In contrast, the clerical realists warn that, with Iran under intense international scrutiny, any act of provocation by Tehran would lead other states to embrace Washington's punitive approach and further isolate the theocratic regime. In an interview in 2002, the pragmatic minister of defense, Ali Shamkhani, warned that the "existence of nuclear weapons will turn us into a threat to others that could be exploited in a dangerous way to harm our relations with the countries of the region." The economic dimension of nuclear diplomacy is also pushing the pragmatists toward restraint, as Iran's feeble economy can ill afford the imposition of multilateral sanctions. "If there [are] domestic and foreign conflicts, foreign capital will not flow into the country," Rafsanjani has warned. "In fact, such conflicts will lead to the flight of capital from this country."
IT'S THE ECONOMY, STUPID
Despite ample natural resources, Iran continues to suffer double-digit rates of inflation and unemployment. A million young Iranians enter the job market every year, but the economy produces less than half that many jobs. The clerics' penchant for centralization has bred an inefficient command economy with a bloated bureaucracy. Extensive subsidies for basic commodities, such as wheat and gasoline, waste tens of billions of dollars but do little to alleviate poverty. Massive foundations that are philanthropic only in name monopolize key sectors of the economy, operating with little competition, regulation, or taxation. Inefficient state-owned enterprises drain the government budget, and a vast gray market of commercial entities has been spun off from government ministries. The recent increase in oil prices is not a long-term solution to Iran's woes; the economy's flaws run much too deep. Twenty-five years after Iran's revolution pledged to deliver a more just society, the Islamic Republic has spawned an economy that benefits only an elite group of clerics and their cronies and stifles private enterprise.
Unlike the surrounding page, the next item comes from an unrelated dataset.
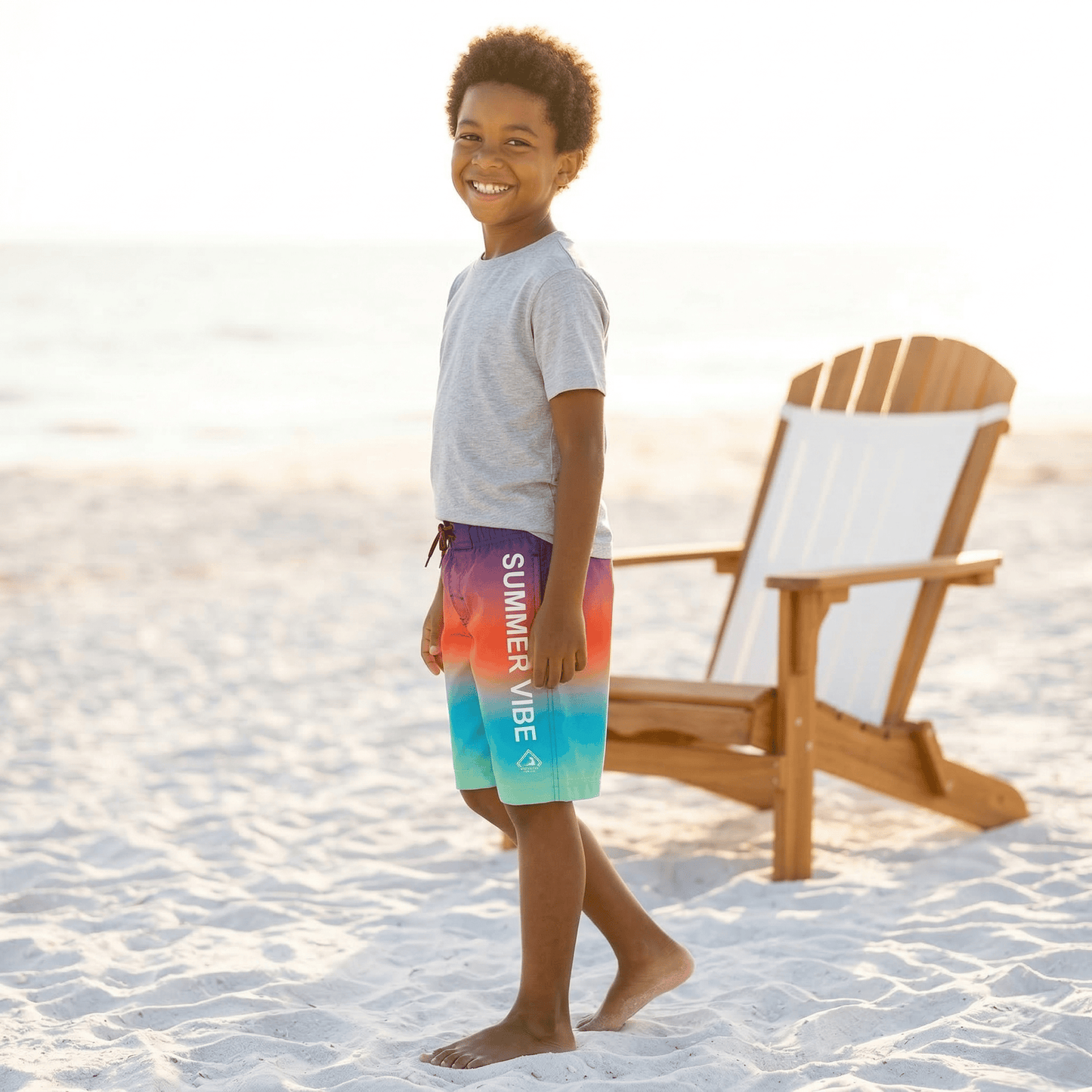 Boys' Quick Dry Mesh Lined Swim Trunks Swimwear Rokka & Rolla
Reform is possible, but it would require selling off public enterprises and scaling back the government's onerous subsidies. Iran's clerical elite is too implicated in corrupt arrangements and too fearful of losing its prerogatives to endorse measures that would fundamentally alter the structure of the economy. Concerns that an aggressive privatization program would unleash popular dissatisfaction are discouraging reform. Any attempt to restructure the public sector would exacerbate an already inflamed unemployment crisis. The reactionary Council of Guardians is unlikely to countenance privatizing key sectors such as the banking industry, as such measures run counter to Iran's constitution. And a serious campaign against corruption would alienate the regime's remaining loyalists.
Iran's technocrats recognize the country's deepening economic predicament. Muhammad Khazai, the deputy minister of economy and finance, has acknowledged that Iran will need $20 billion in investment every year for the next five years if it is to provide sufficient jobs for its citizens. The oil industry--the lifeblood of Iran's economy--faces an even more daunting challenge. The National Iranian Oil Company estimates that $70 billion is needed over the next ten years to modernize the country's dilapidated infrastructure and is counting on foreign oil companies and international capital markets to provide approximately three-quarters of those massive investments. Given the clerical elite's inability to reform the economy, foreign investments have become critical to Iran's economic revival. Khazai insists, "We should be thinking of drawing foreign investments and [of] prepar[ing] the ground for [an] inflow of foreign capital."
Some officials have gone so far as to suggest that Iran's economic difficulties cannot be redressed if Tehran continues to have such a tense relationship with the United States. The exasperated head of the Management and Planning Organization, Hamid Reza Baradaran Shoraka, has noted that among the major obstacles to the country's development are the economic sanctions imposed by Washington. Continued antagonism toward the United States would hardly ensure that these sanctions are lifted.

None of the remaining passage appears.